Information given ▸
++++++++

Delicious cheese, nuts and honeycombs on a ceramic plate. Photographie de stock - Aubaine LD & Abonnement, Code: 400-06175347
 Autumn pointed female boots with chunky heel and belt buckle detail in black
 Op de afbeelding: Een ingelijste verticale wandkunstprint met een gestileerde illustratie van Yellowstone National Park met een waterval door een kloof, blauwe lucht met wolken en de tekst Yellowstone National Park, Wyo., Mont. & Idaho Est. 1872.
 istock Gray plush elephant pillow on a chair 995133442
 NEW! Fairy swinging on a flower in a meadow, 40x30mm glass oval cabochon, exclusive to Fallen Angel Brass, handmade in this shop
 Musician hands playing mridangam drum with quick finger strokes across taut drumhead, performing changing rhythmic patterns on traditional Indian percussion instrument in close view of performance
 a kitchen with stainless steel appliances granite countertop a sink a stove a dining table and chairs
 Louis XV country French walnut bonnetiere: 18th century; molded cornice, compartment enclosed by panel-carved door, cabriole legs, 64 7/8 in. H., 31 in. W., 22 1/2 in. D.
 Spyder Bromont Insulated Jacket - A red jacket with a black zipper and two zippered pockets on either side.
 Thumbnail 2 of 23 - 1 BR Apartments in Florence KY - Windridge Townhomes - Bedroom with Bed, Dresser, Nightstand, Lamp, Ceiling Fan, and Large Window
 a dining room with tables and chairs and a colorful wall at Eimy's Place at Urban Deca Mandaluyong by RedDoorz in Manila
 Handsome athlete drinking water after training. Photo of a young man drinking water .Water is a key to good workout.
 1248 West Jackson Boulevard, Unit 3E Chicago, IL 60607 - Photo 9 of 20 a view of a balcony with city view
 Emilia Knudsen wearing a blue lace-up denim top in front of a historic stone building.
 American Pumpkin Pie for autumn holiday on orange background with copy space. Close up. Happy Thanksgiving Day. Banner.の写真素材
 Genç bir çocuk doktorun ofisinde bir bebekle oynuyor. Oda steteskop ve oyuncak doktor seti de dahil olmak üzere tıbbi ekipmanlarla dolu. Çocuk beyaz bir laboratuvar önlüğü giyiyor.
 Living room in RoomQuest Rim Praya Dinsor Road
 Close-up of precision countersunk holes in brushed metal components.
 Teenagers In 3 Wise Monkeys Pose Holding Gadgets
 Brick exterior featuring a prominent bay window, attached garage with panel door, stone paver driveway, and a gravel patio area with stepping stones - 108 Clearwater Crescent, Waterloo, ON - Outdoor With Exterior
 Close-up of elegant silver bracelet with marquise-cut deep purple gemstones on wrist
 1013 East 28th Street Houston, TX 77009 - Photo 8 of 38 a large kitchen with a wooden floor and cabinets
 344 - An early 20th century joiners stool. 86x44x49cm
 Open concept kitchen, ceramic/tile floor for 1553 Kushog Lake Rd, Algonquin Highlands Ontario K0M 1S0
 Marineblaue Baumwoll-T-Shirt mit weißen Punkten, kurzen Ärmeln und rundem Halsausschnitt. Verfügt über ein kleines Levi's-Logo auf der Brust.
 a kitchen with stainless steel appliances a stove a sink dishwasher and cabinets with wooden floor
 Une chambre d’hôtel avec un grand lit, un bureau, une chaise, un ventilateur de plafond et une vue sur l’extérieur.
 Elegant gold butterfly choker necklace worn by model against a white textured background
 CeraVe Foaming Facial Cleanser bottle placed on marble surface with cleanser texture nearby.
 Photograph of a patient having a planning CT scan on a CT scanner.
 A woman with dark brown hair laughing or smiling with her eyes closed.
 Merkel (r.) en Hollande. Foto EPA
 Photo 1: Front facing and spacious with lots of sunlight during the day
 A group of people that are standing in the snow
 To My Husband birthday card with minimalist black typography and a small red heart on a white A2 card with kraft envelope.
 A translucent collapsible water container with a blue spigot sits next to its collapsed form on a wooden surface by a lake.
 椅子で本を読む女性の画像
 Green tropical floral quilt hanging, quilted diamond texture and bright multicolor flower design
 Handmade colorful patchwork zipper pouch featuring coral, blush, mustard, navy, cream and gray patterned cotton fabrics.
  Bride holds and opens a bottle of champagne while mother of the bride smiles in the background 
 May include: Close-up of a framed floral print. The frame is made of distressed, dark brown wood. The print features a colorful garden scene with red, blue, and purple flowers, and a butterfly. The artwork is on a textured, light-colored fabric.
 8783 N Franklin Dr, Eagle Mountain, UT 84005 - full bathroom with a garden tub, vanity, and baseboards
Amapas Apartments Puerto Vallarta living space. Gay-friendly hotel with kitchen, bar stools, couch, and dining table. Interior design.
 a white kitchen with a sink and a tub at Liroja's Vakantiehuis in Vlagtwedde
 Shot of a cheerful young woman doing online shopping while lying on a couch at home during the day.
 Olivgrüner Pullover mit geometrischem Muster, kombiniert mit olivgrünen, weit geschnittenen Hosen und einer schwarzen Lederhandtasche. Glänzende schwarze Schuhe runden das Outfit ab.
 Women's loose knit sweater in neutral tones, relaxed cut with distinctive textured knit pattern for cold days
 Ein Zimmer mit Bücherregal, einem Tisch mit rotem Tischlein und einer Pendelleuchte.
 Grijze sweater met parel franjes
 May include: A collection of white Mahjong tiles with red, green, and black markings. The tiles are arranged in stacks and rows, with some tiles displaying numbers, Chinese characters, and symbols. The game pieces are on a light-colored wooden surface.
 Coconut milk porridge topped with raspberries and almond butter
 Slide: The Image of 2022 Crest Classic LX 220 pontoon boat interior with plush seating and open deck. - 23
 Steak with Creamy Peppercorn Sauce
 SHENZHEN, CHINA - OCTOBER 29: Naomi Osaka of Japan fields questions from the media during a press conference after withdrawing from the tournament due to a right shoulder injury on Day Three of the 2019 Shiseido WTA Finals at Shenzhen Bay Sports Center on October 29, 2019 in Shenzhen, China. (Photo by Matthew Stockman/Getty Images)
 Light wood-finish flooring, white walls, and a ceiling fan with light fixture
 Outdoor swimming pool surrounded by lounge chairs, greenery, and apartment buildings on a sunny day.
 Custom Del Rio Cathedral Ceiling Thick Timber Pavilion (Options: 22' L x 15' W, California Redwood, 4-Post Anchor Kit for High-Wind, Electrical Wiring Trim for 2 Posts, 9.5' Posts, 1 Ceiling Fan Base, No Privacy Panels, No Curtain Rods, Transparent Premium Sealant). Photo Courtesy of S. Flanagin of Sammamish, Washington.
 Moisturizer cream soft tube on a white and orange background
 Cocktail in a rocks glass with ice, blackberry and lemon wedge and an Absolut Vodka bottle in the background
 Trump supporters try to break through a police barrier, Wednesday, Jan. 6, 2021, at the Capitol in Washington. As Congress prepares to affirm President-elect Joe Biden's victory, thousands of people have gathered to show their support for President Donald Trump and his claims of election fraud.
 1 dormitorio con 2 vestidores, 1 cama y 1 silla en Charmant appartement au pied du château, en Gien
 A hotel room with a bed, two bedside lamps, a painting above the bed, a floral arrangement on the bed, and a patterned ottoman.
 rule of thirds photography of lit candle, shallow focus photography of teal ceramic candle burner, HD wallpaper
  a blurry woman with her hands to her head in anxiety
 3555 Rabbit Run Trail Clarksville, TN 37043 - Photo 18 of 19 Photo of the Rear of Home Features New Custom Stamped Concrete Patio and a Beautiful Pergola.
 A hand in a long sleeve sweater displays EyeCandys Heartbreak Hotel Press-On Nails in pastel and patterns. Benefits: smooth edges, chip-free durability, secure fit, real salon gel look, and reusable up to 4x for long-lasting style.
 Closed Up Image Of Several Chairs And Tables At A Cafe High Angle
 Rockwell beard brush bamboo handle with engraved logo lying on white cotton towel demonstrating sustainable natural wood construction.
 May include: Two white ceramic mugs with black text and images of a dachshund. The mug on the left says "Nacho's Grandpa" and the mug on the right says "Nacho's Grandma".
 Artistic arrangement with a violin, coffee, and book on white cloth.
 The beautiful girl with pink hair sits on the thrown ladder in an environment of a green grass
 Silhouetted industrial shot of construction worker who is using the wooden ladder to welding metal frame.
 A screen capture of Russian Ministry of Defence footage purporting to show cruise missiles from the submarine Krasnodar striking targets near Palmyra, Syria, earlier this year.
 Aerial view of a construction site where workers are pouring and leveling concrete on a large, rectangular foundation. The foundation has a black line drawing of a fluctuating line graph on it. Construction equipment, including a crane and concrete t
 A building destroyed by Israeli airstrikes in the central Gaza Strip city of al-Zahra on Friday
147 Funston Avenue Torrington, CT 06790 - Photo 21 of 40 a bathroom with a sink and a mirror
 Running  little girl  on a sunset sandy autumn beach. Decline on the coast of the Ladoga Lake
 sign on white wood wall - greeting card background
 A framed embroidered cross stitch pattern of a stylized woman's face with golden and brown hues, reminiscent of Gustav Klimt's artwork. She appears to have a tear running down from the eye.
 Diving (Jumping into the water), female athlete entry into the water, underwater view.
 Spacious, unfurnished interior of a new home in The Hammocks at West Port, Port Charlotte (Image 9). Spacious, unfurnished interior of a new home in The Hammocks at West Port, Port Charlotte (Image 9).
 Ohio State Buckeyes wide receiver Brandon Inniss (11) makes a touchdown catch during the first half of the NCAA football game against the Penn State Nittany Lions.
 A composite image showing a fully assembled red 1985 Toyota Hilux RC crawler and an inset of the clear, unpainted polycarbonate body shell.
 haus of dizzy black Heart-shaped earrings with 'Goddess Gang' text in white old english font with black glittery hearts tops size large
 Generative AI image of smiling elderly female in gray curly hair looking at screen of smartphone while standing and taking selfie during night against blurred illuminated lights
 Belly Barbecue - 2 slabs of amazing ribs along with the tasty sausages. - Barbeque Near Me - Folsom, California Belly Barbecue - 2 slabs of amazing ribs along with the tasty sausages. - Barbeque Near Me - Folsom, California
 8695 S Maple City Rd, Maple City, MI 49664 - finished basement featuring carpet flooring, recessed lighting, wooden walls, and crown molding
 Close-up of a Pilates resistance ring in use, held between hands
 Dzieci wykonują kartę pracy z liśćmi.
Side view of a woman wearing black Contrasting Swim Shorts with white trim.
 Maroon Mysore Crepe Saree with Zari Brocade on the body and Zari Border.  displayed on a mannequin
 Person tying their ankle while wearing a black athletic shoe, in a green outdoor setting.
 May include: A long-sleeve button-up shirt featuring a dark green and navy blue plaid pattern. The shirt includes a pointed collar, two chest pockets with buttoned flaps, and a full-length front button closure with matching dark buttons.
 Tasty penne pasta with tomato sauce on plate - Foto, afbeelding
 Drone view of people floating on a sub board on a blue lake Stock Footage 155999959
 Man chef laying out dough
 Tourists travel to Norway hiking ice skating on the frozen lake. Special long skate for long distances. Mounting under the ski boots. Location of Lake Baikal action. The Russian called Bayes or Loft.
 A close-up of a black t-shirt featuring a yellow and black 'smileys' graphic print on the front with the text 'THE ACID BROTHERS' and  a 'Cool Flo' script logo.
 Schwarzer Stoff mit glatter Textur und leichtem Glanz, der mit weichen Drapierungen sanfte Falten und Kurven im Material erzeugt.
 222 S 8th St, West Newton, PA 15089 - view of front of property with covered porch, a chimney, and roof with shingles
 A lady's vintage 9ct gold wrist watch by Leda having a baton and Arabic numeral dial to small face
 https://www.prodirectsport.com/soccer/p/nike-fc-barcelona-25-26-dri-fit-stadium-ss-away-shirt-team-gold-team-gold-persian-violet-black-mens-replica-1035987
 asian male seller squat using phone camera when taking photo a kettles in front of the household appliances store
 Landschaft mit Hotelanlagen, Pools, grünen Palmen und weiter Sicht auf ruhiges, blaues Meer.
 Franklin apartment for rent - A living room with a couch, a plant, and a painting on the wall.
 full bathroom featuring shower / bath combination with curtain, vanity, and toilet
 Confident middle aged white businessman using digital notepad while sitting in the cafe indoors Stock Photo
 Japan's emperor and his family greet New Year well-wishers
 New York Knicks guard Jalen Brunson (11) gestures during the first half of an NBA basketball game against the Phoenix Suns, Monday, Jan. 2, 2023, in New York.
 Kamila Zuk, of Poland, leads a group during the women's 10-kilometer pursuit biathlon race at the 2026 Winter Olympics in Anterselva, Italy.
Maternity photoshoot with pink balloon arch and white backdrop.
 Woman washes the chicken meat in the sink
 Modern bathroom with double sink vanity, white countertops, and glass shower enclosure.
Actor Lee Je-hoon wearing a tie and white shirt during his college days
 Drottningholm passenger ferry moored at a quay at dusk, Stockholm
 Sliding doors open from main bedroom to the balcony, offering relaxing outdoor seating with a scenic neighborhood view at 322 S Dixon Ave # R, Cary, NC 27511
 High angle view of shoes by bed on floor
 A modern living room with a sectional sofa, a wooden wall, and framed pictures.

++++++++

Copy out, from the data above, each line where the string "standing" is present.

 A group of people that are standing in the snow
 Generative AI image of smiling elderly female in gray curly hair looking at screen of smartphone while standing and taking selfie during night against blurred illuminated lights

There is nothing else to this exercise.